Science

Sweeping Study Confirms the Unknown About Mysterious Cosmic Rays

All we know is that they come from incomprehensibly far away.

Humans can push physics to the absolute extreme within the precisely controlled conditions of a lab — the coldest place in the known universe, for instance, isn’t in some distant nebula but was instead created in Massachusetts. But, sometimes, the universe has us beat. Take cosmic rays, the rarest of which are so unimaginably energetic that no particle accelerator could hope to recreate them.

While we know where many cosmic rays come from — supernovas, mostly — those ultra-high-energy rays are so rare and so unusual that we don’t actually know where they originate. Now, a team of about 400 astronomers from all over the world have put their heads together and confirmed where those rays don’t come from. They’re not from anywhere in our galaxy. Beyond that? As ever, nobody is quite sure.

As described in Wednesday’s issue of the journal Science, the researchers used Argentina’s Pierre Auger Observatory, the largest cosmic ray observatory ever built, to track the sources of the particles. What they were trying to find out is whether the particles appeared to be coming from any specific direction.
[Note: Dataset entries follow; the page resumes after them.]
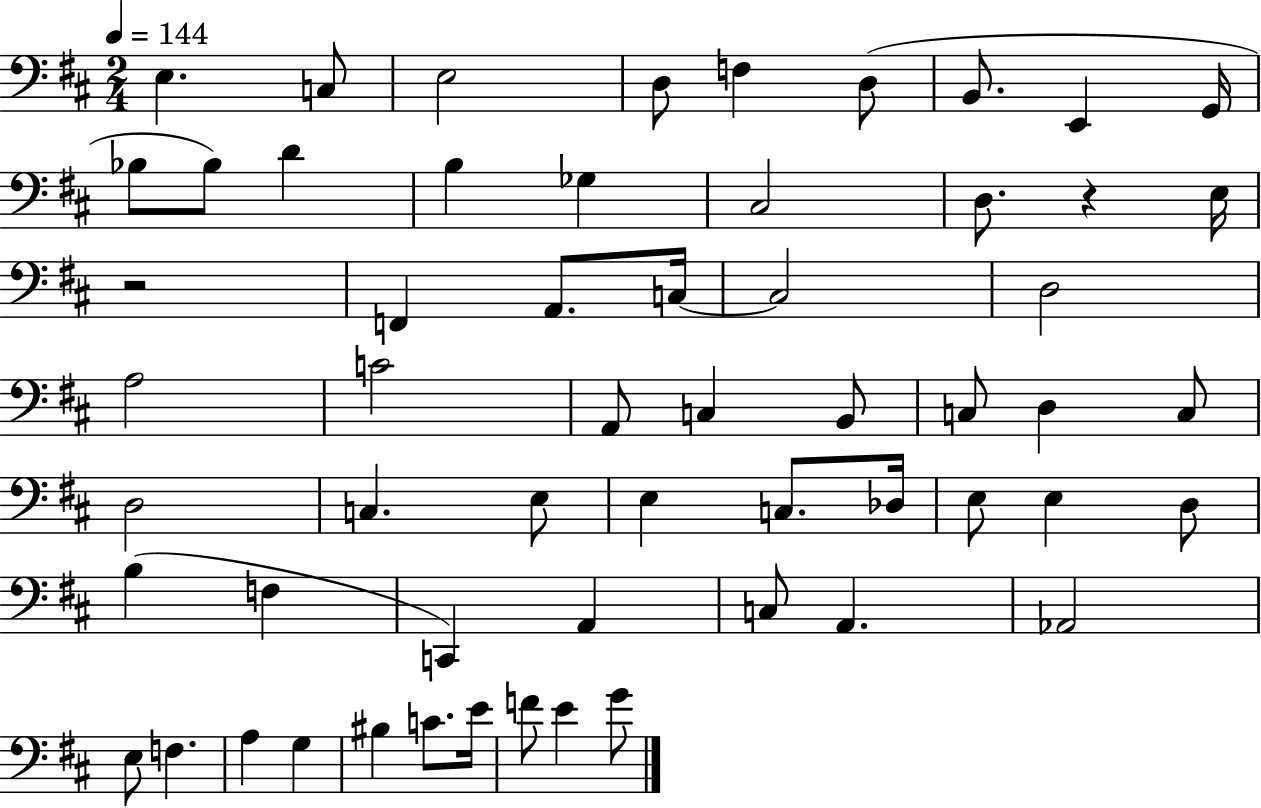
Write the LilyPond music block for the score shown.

{
  \clef bass
  \numericTimeSignature
  \time 2/4
  \key d \major
  \tempo 4 = 144
  e4. c8 | e2 | d8 f4 d8( | b,8. e,4 g,16 | \break bes8 bes8) d'4 | b4 ges4 | cis2 | d8. r4 e16 | \break r2 | f,4 a,8. c16~~ | c2 | d2 | \break a2 | c'2 | a,8 c4 b,8 | c8 d4 c8 | \break d2 | c4. e8 | e4 c8. des16 | e8 e4 d8 | \break b4( f4 | c,4) a,4 | c8 a,4. | aes,2 | \break e8 f4. | a4 g4 | bis4 c'8. e'16 | f'8 e'4 g'8 | \break \bar "|."
}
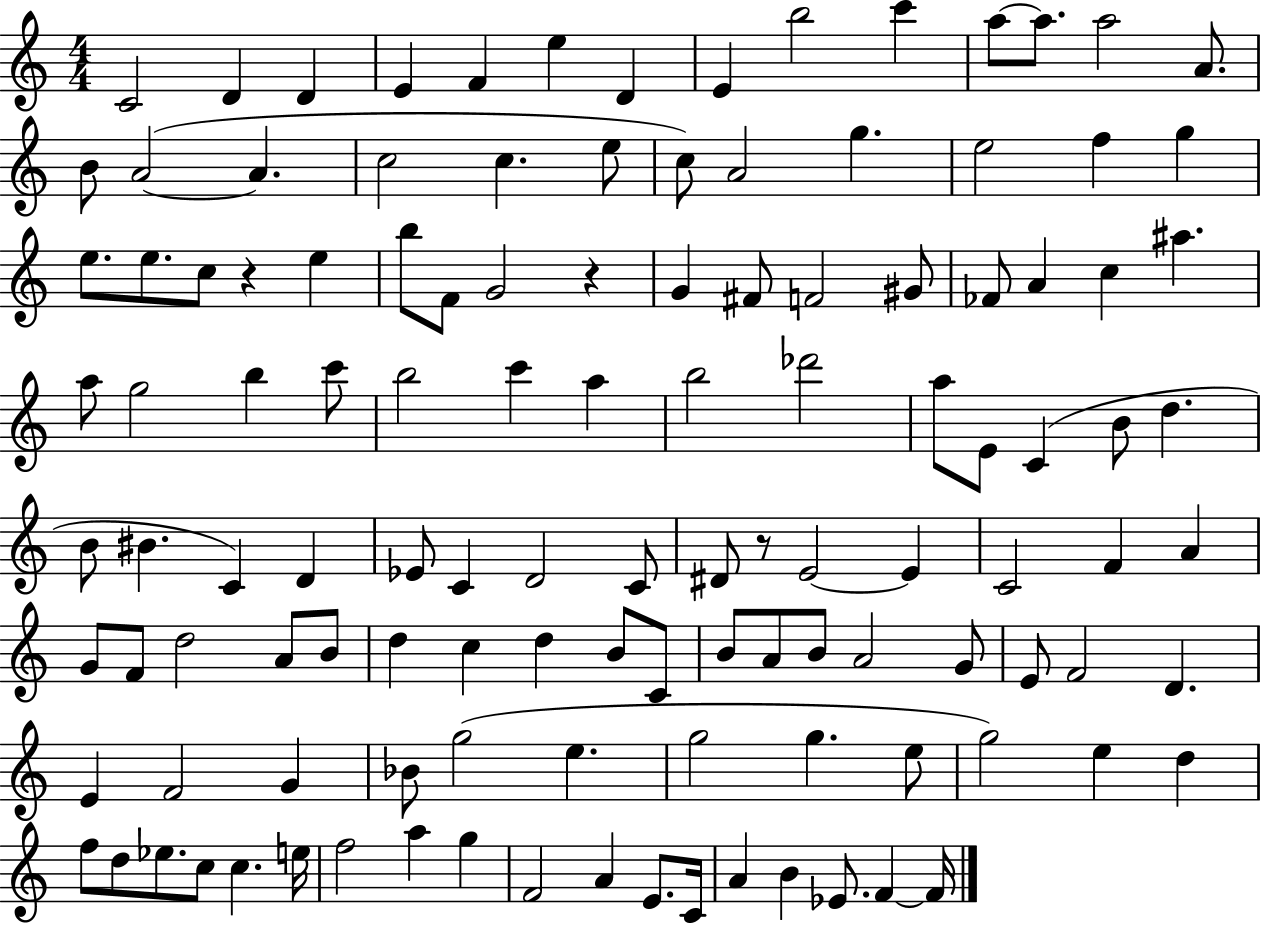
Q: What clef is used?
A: treble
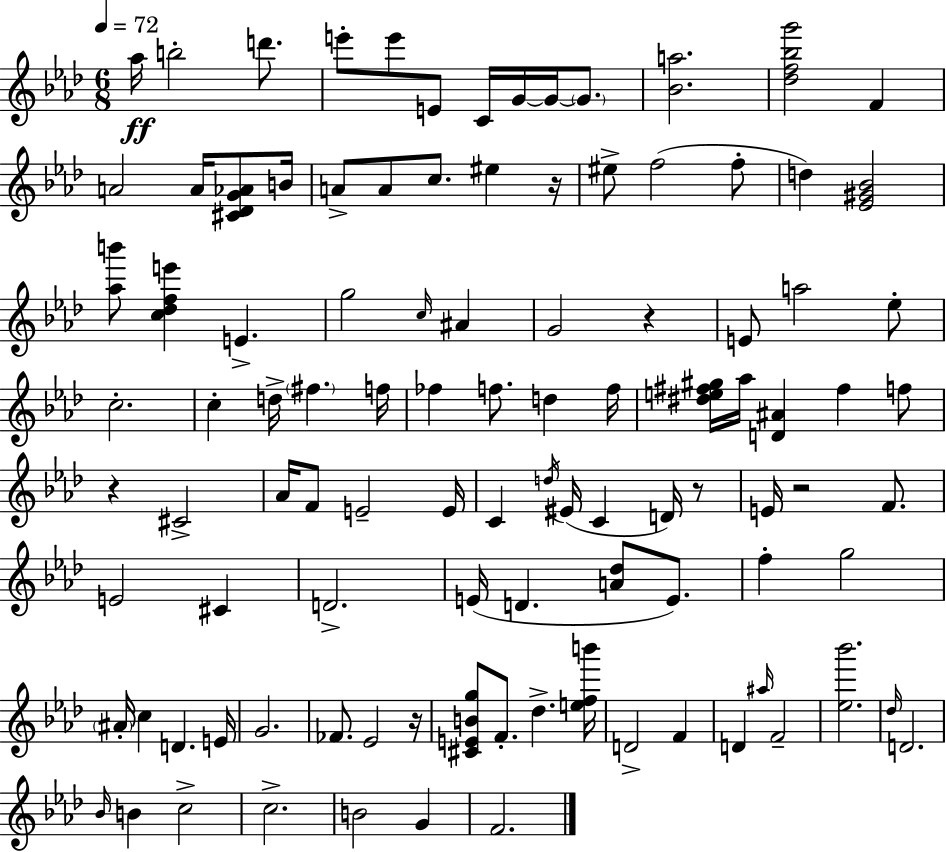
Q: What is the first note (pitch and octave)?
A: Ab5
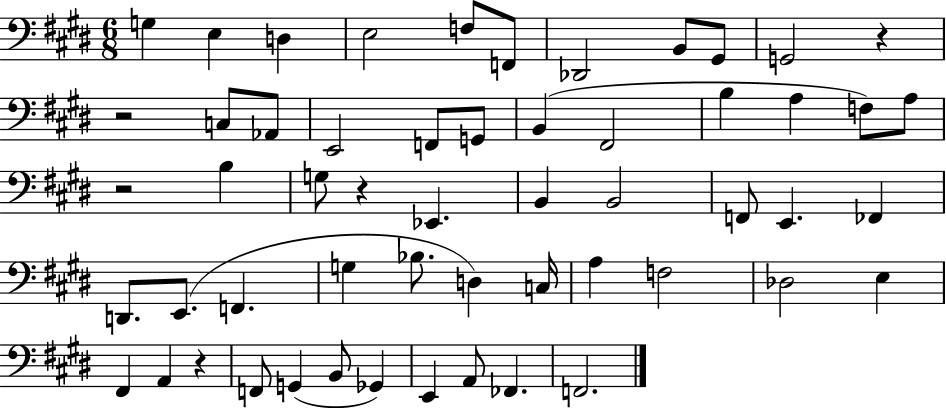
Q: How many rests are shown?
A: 5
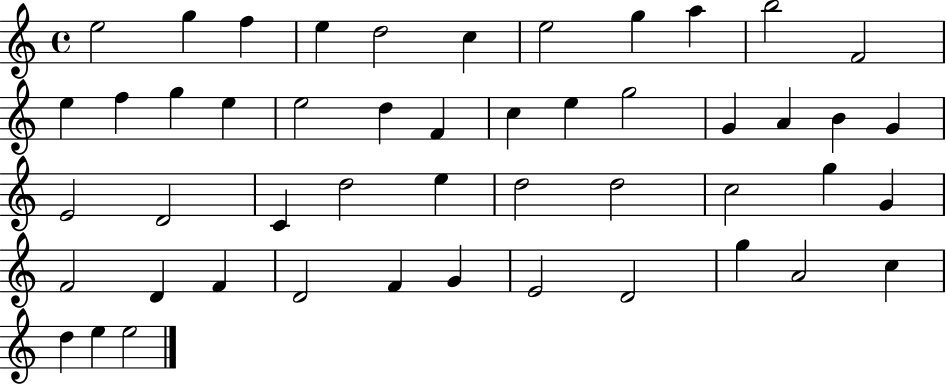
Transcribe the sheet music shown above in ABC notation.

X:1
T:Untitled
M:4/4
L:1/4
K:C
e2 g f e d2 c e2 g a b2 F2 e f g e e2 d F c e g2 G A B G E2 D2 C d2 e d2 d2 c2 g G F2 D F D2 F G E2 D2 g A2 c d e e2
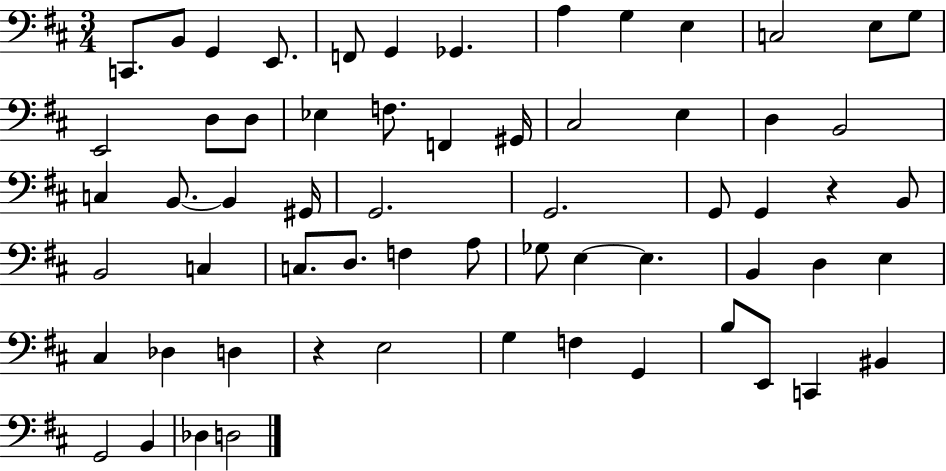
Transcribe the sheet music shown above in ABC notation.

X:1
T:Untitled
M:3/4
L:1/4
K:D
C,,/2 B,,/2 G,, E,,/2 F,,/2 G,, _G,, A, G, E, C,2 E,/2 G,/2 E,,2 D,/2 D,/2 _E, F,/2 F,, ^G,,/4 ^C,2 E, D, B,,2 C, B,,/2 B,, ^G,,/4 G,,2 G,,2 G,,/2 G,, z B,,/2 B,,2 C, C,/2 D,/2 F, A,/2 _G,/2 E, E, B,, D, E, ^C, _D, D, z E,2 G, F, G,, B,/2 E,,/2 C,, ^B,, G,,2 B,, _D, D,2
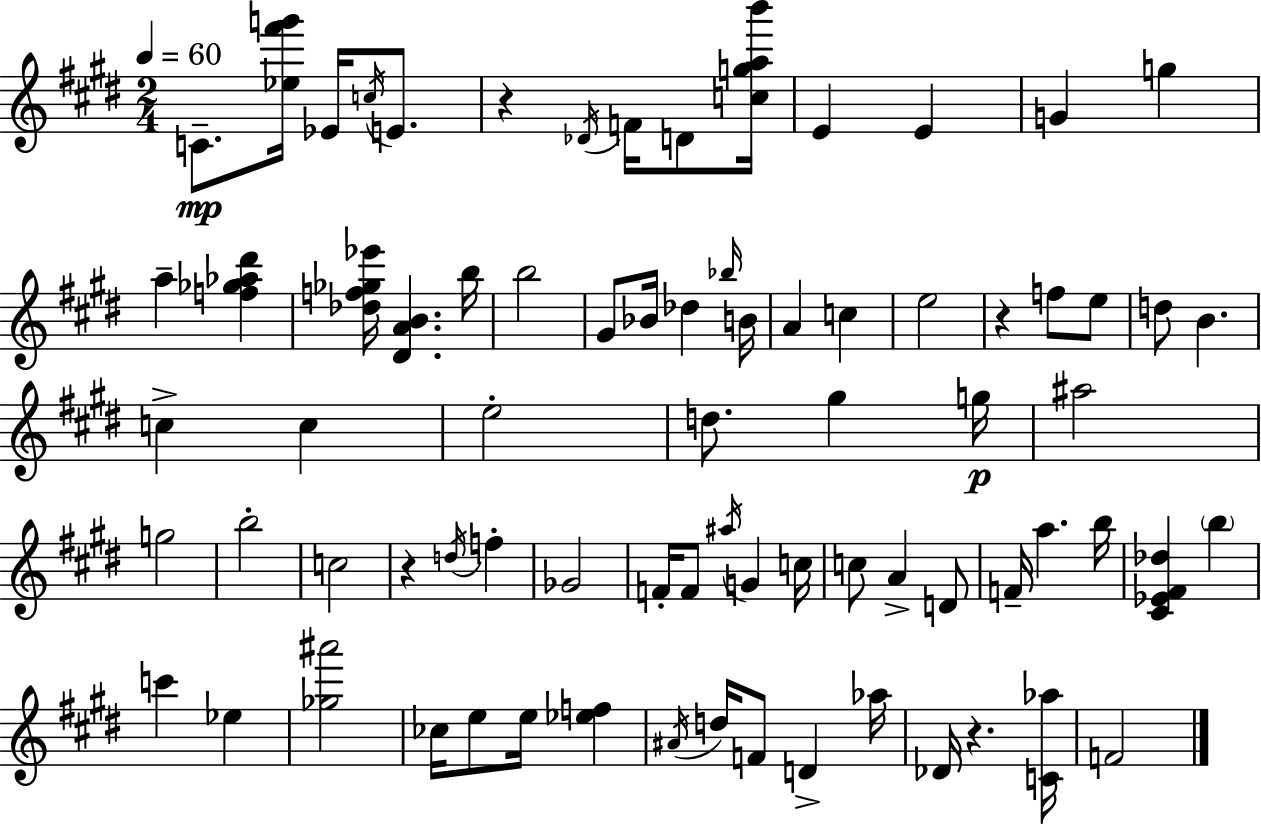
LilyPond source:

{
  \clef treble
  \numericTimeSignature
  \time 2/4
  \key e \major
  \tempo 4 = 60
  c'8.--\mp <ees'' fis''' g'''>16 ees'16 \acciaccatura { c''16 } e'8. | r4 \acciaccatura { des'16 } f'16 d'8 | <c'' g'' a'' b'''>16 e'4 e'4 | g'4 g''4 | \break a''4-- <f'' ges'' aes'' dis'''>4 | <des'' f'' ges'' ees'''>16 <dis' a' b'>4. | b''16 b''2 | gis'8 bes'16 des''4 | \break \grace { bes''16 } b'16 a'4 c''4 | e''2 | r4 f''8 | e''8 d''8 b'4. | \break c''4-> c''4 | e''2-. | d''8. gis''4 | g''16\p ais''2 | \break g''2 | b''2-. | c''2 | r4 \acciaccatura { d''16 } | \break f''4-. ges'2 | f'16-. f'8 \acciaccatura { ais''16 } | g'4 c''16 c''8 a'4-> | d'8 f'16-- a''4. | \break b''16 <cis' ees' fis' des''>4 | \parenthesize b''4 c'''4 | ees''4 <ges'' ais'''>2 | ces''16 e''8 | \break e''16 <ees'' f''>4 \acciaccatura { ais'16 } d''16 f'8 | d'4-> aes''16 des'16 r4. | <c' aes''>16 f'2 | \bar "|."
}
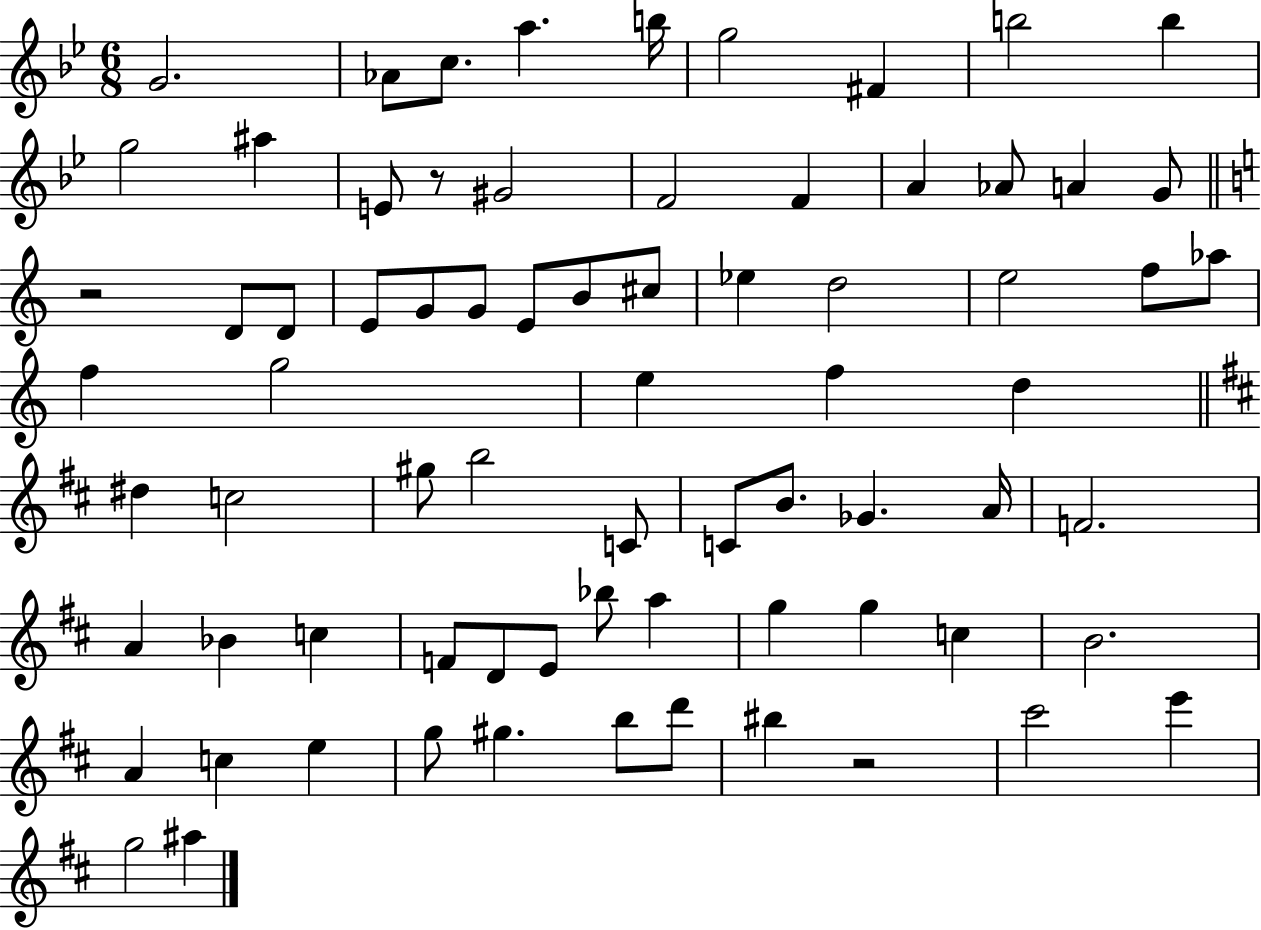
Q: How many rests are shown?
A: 3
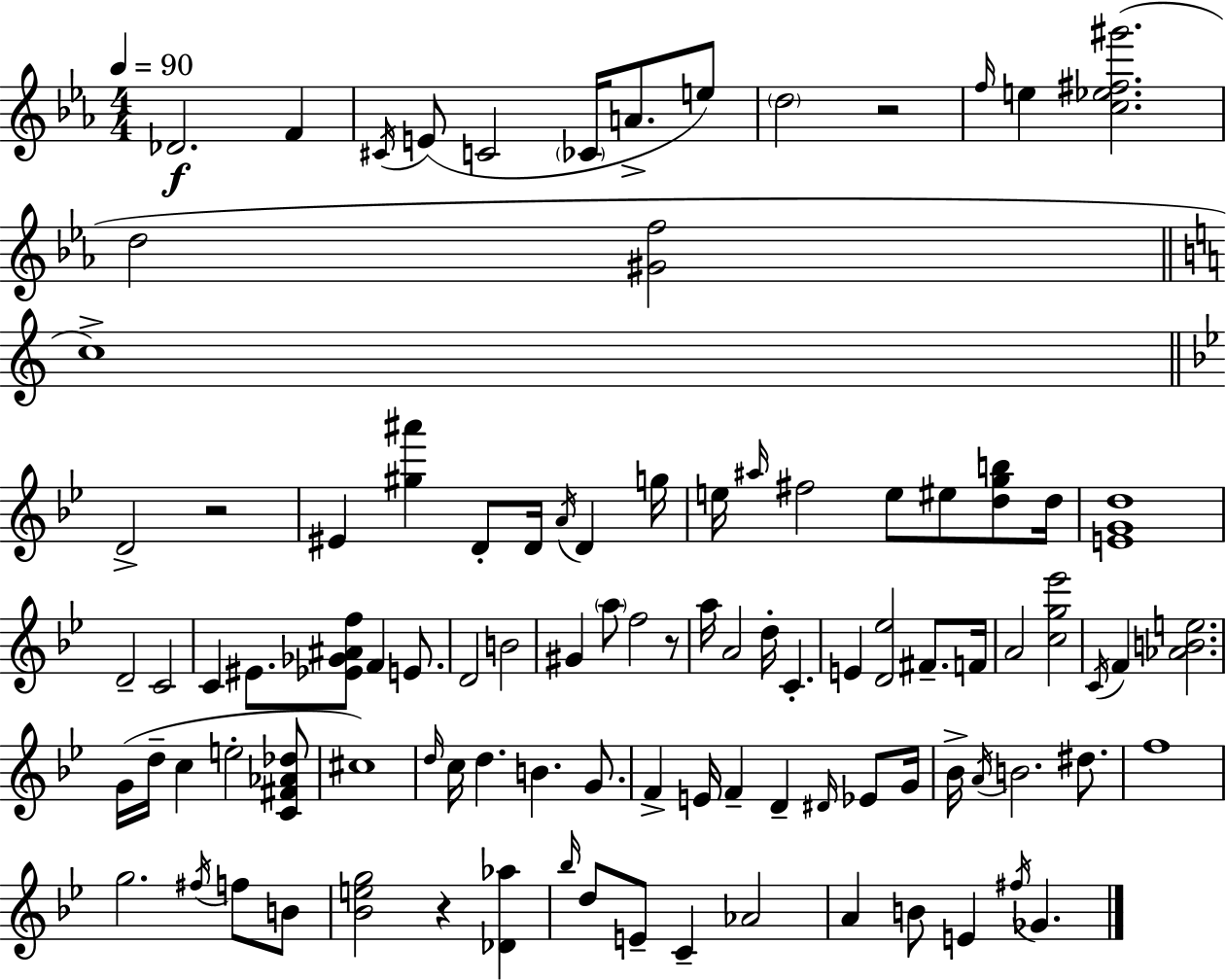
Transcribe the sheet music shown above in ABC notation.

X:1
T:Untitled
M:4/4
L:1/4
K:Eb
_D2 F ^C/4 E/2 C2 _C/4 A/2 e/2 d2 z2 f/4 e [c_e^f^g']2 d2 [^Gf]2 c4 D2 z2 ^E [^g^a'] D/2 D/4 A/4 D g/4 e/4 ^a/4 ^f2 e/2 ^e/2 [dgb]/2 d/4 [EGd]4 D2 C2 C ^E/2 [_E_G^Af]/2 F E/2 D2 B2 ^G a/2 f2 z/2 a/4 A2 d/4 C E [D_e]2 ^F/2 F/4 A2 [cg_e']2 C/4 F [_ABe]2 G/4 d/4 c e2 [C^F_A_d]/2 ^c4 d/4 c/4 d B G/2 F E/4 F D ^D/4 _E/2 G/4 _B/4 A/4 B2 ^d/2 f4 g2 ^f/4 f/2 B/2 [_Beg]2 z [_D_a] _b/4 d/2 E/2 C _A2 A B/2 E ^f/4 _G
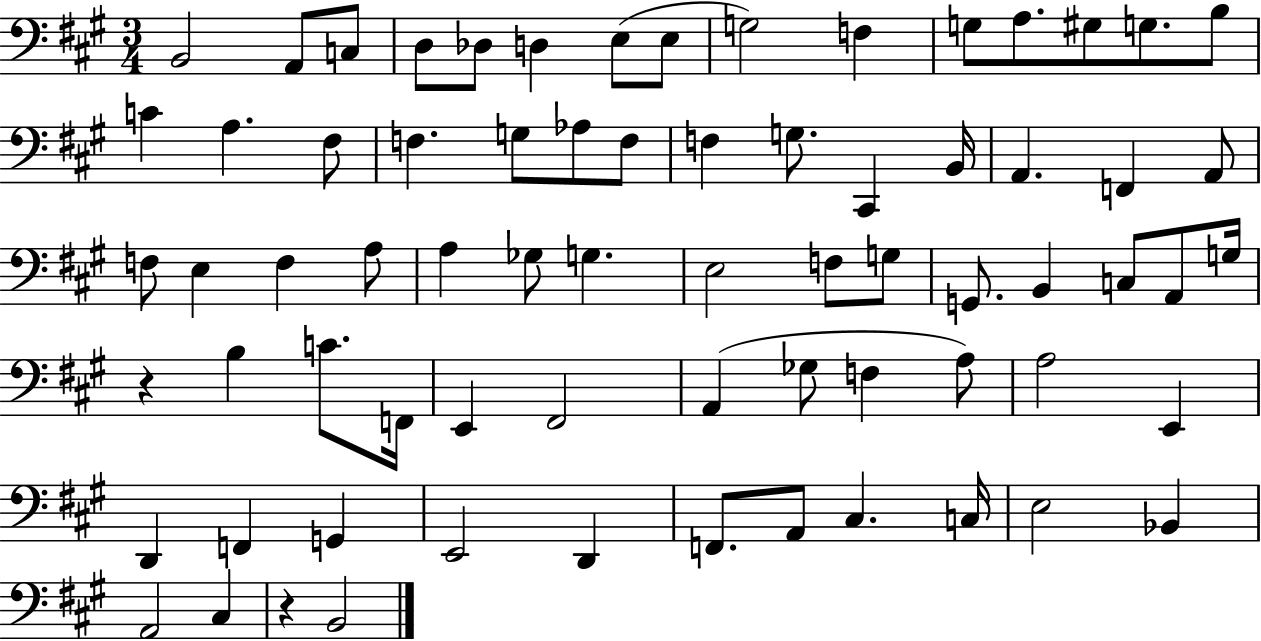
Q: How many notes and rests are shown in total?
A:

Over a 12-year period, they spotted thousands of these highly energetic particles, and there was a definite imbalance in where they were coming from. That alone suggests these cosmic rays don’t originate inside the Milky Way, as then it would be expected the particles’ directions would be distributed more or less evenly.

But the situation gets more intriguing when you consider the imbalance pointed toward a particular part of the sky where there’s an unusually high concentration of galaxies. This might suggest that the particles are produced in those distant galaxies and are then sent rocketing out across intergalactic space, traveling millions of light-years before finally reaching Earth for astronomers to observe.

The Pierre Augur Observatory

Pierre Augur Observatory

What’s happening in those galaxies to produce those rays, however, is still not clear at all. One theory is that some of those galaxies have explosively violent black holes at their center, and those massive black holes accelerate the particles to incredible energies.

Understanding what’s going on with these cosmic rays could reveal some of the universe’s deepest secrets — after all, if the astronomers are right in their findings, every one of these particles we discover is a traveler from a galaxy far from our own. Unraveling the mystery of these particles’ origins could reveal deep secrets about black holes, the formation of galaxies, and even the Big Bang itself.